Jak podaje „The Sunday Times”, przeprowadzone ekspertyzy wykazały, że utrzymywanie w obecnym stanie pozostałości wieżowca zagraża sąsiadującym z nim budynkom, w tym szkole średniej. Postanowiono, że Grenfell Tower zostanie rozebrany. Prace rozpoczną się jednak dopiero w przyszłym roku, najpewniej po piątej rocznicy wybuchu pożaru.

Gazeta dodaje, że informacja rozczarowała rodziny ofiar oraz osoby, które przeżyły pożar. Zrzeszeni w Grenfell United są zniesmaczeni faktem, że nikt nie konsultował z nimi tej decyzji. Część rodzin uważa, że szczątki wieżowca powinny pozostać na miejscu jako miejsce pamięci.

Wysoki na 67,3 m wieżowiec Grenfell Tower powstawał w latach 1972–1974 r. Na 24 piętrach znajdowało się 120 mieszkań komunalnych, które zamieszkiwało około 600 osób, reprezentujących głównie mniejszości etniczne (większość stanowili muzułmanie).

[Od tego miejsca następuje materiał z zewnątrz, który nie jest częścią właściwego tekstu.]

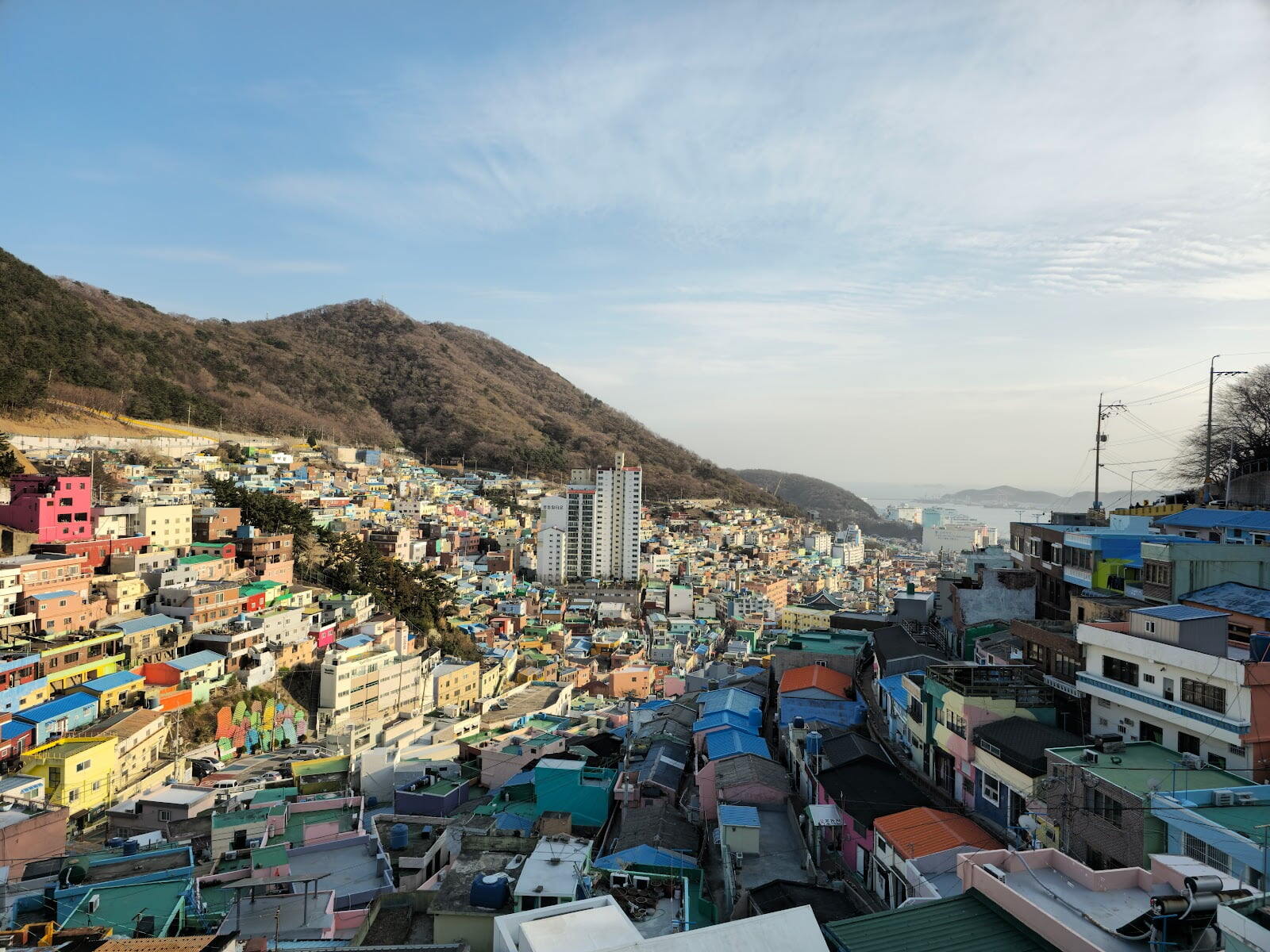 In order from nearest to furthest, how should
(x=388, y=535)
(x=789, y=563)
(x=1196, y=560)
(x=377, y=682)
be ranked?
(x=1196, y=560) < (x=377, y=682) < (x=388, y=535) < (x=789, y=563)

Między 2015 a 2016 r. budynek przeszedł remont, podczas którego odnowiono i wzmocniono elewację oraz wymieniono okna. To m.in. materiał, który wykorzystano wówczas do ocieplenia budynku przyczynił się do ekspresowego rozprzestrzenienia się ognia – w ciągu kilkunastu minut od wybuchu pożar rozprzestrzenił się niemal na wszystkie kondygnacje.

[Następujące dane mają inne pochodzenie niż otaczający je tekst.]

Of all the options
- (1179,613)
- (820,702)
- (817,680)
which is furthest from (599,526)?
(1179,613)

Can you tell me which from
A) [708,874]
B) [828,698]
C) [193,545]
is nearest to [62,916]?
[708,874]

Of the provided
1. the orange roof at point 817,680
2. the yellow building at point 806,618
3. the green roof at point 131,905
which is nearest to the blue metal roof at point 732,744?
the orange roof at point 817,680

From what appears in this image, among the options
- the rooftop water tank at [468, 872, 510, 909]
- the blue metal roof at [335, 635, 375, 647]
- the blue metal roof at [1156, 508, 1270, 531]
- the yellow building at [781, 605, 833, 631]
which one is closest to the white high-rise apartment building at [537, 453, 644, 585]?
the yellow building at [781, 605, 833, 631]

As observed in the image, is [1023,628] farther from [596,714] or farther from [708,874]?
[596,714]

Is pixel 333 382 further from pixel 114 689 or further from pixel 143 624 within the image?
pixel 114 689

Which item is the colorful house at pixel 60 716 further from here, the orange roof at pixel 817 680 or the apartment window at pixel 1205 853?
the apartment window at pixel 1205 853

Pożar w Kensington wybuchł po północy, 14 czerwca 2017 r. Jego przyczyną była uszkodzona lodówka. Według ustaleń policji, w czasie pożaru w budynku znajdowały się 293 osoby. 72 z nich zmarły, 74 odniosły obrażenia. Był to najtragiczniejszy pożar w budynku mieszkalnym w Wielkiej Brytanii po II wojnie światowej.